WHAT THIS TASK INVOLVES: When you reach the line with "سليبر قطن مطرز مقاس ٤٠ بيج غامق" in the listing below, write out that line and every one after it exactly, and skip the pictures.
========================================================================
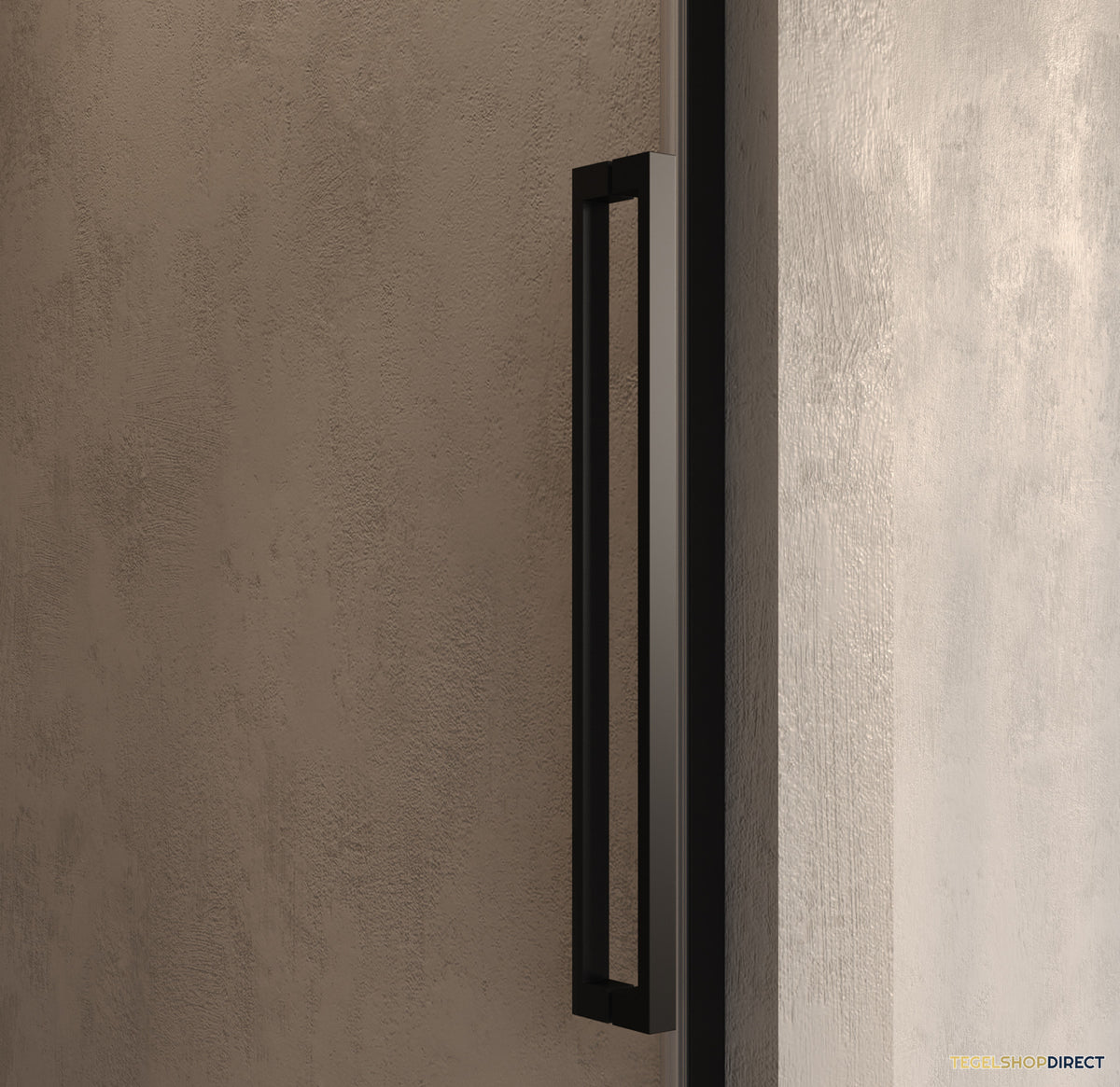 BRAUER Stellar nisdeur 2-delig draaiend helder glas 120x200 omkeerbaar incl. glascoating mat zwart – afbeelding 6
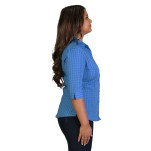 Donna Blouse 3/4 Sleeve - Check 3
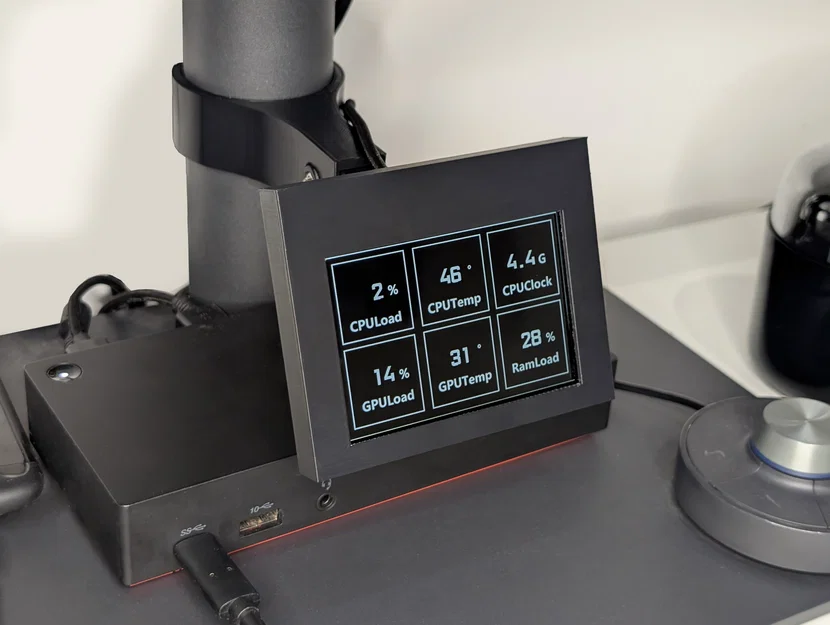 Stand turing smart screen 3.5-inch – Chân đỡ màn hình 3.5 inch - Image 4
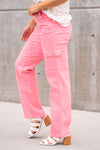 Pretty in Pink High Rise Cargo Straight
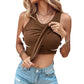 💖Last Day Special Price ￡8.99!!💖Ribbed Stretchy Tank Top with Shelf Bra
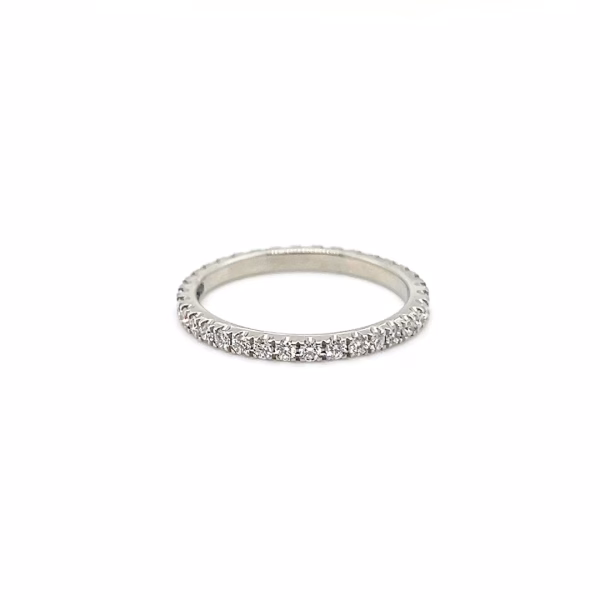 19K White Gold Diamond Eternity Band - Image 3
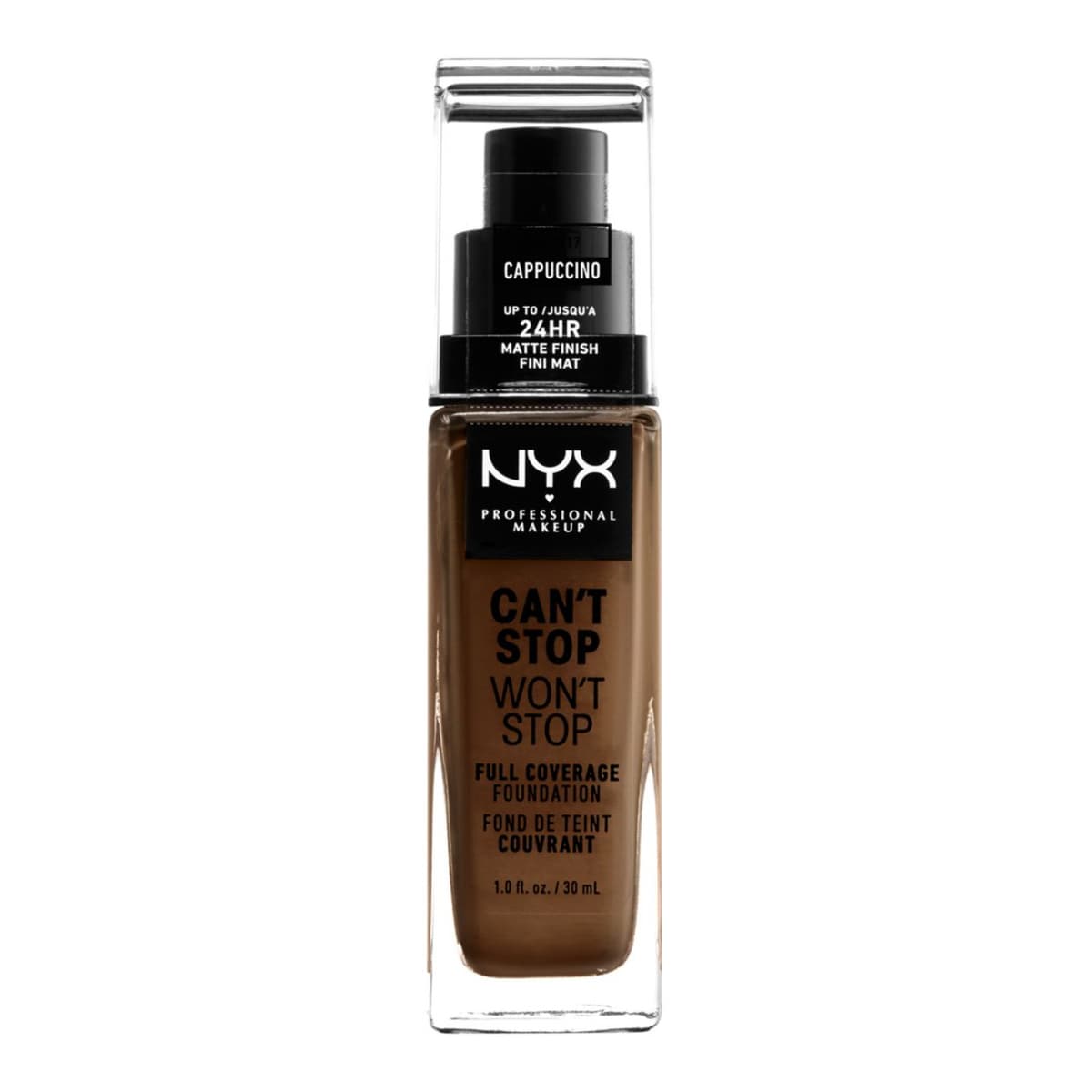 Can't Stop Won't Stop Full Coverage Foundation, CAPPUCCINO
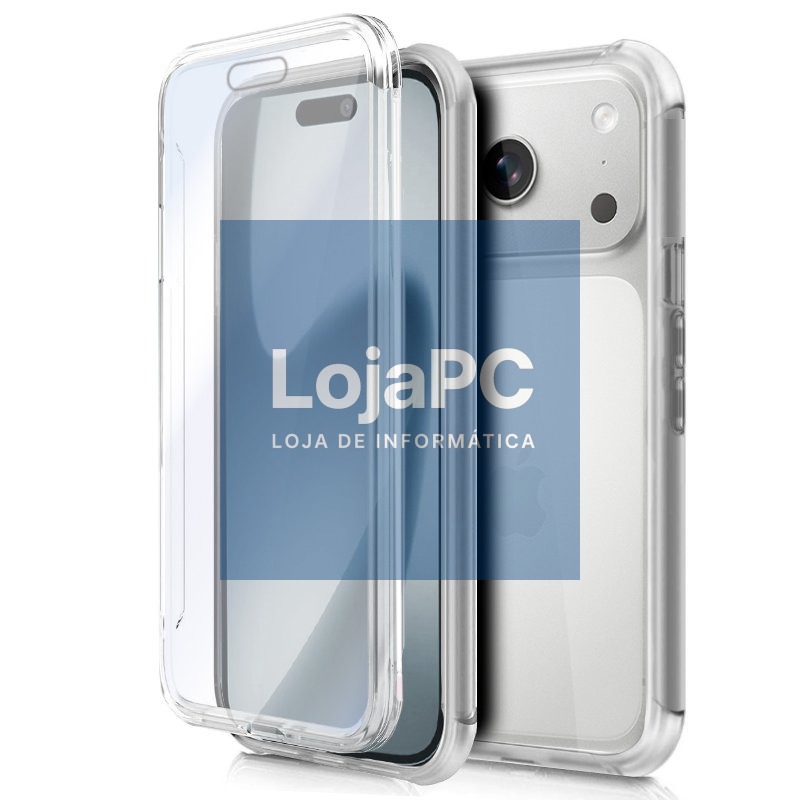 COOL 3D Silicone Case for iPhone 17 Pro (Transparent Front + Back)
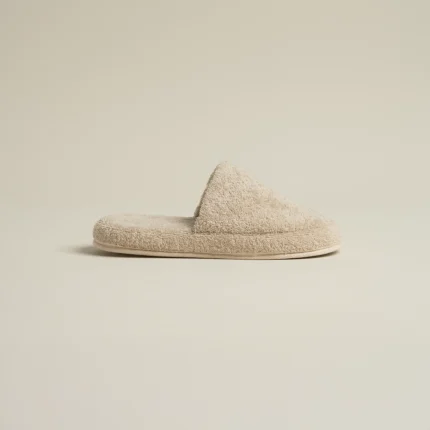 سليبر قطن مطرز مقاس ٤٠ بيج غامق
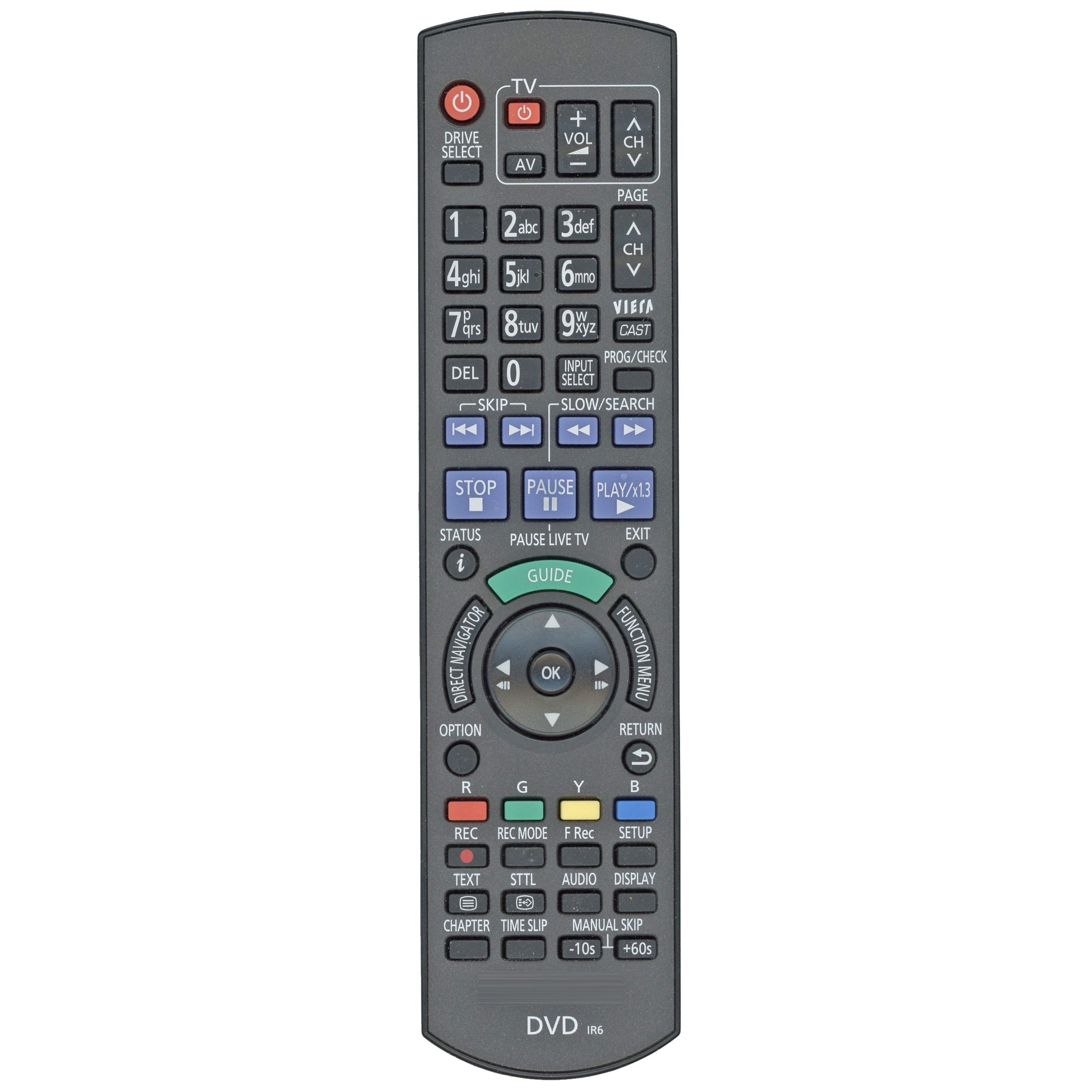 Panasonic N2QAYB000479 Blu-ray Remote Control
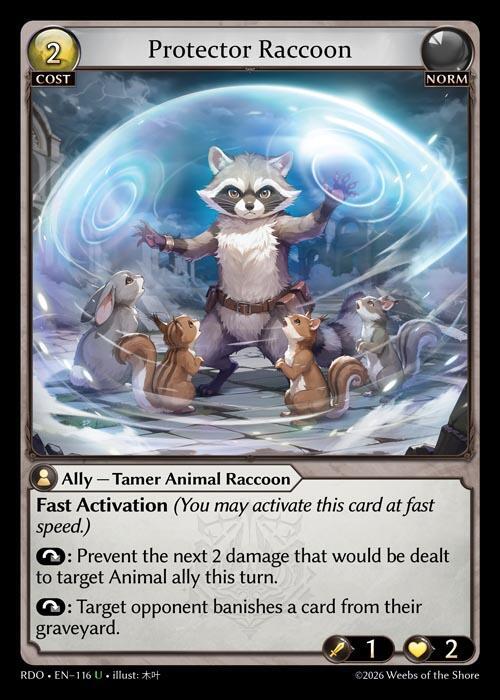 Protector Raccoon 116 Uncommon Radiant Origins NM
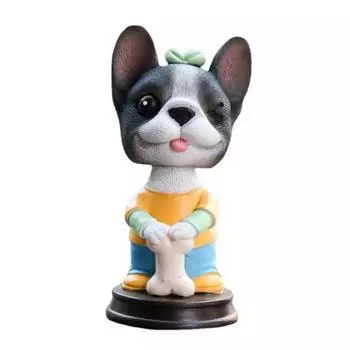 Плюшевая фигурка Urban Car Car Bulldog Brothers, кость, 1 шт., корейский автомобильный аксессуар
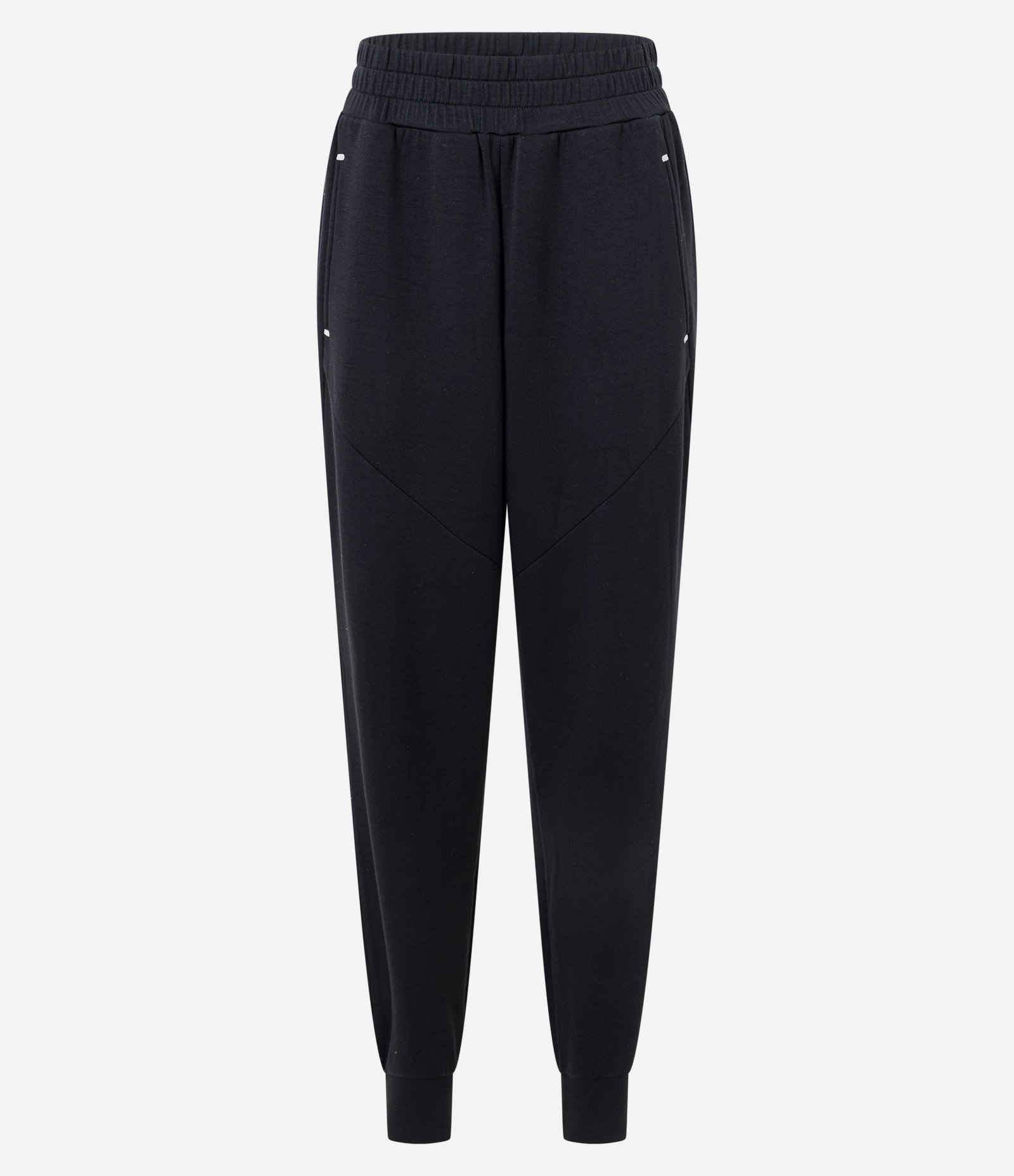 Calça Jogger Esportiva em Microfibra Pesada com Bolsos Preto 6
========================================================================
WRITTEN RESPONSE:
 سليبر قطن مطرز مقاس ٤٠ بيج غامق
 Panasonic N2QAYB000479 Blu-ray Remote Control
 Protector Raccoon 116 Uncommon Radiant Origins NM
 Плюшевая фигурка Urban Car Car Bulldog Brothers, кость, 1 шт., корейский автомобильный аксессуар
 Calça Jogger Esportiva em Microfibra Pesada com Bolsos Preto 6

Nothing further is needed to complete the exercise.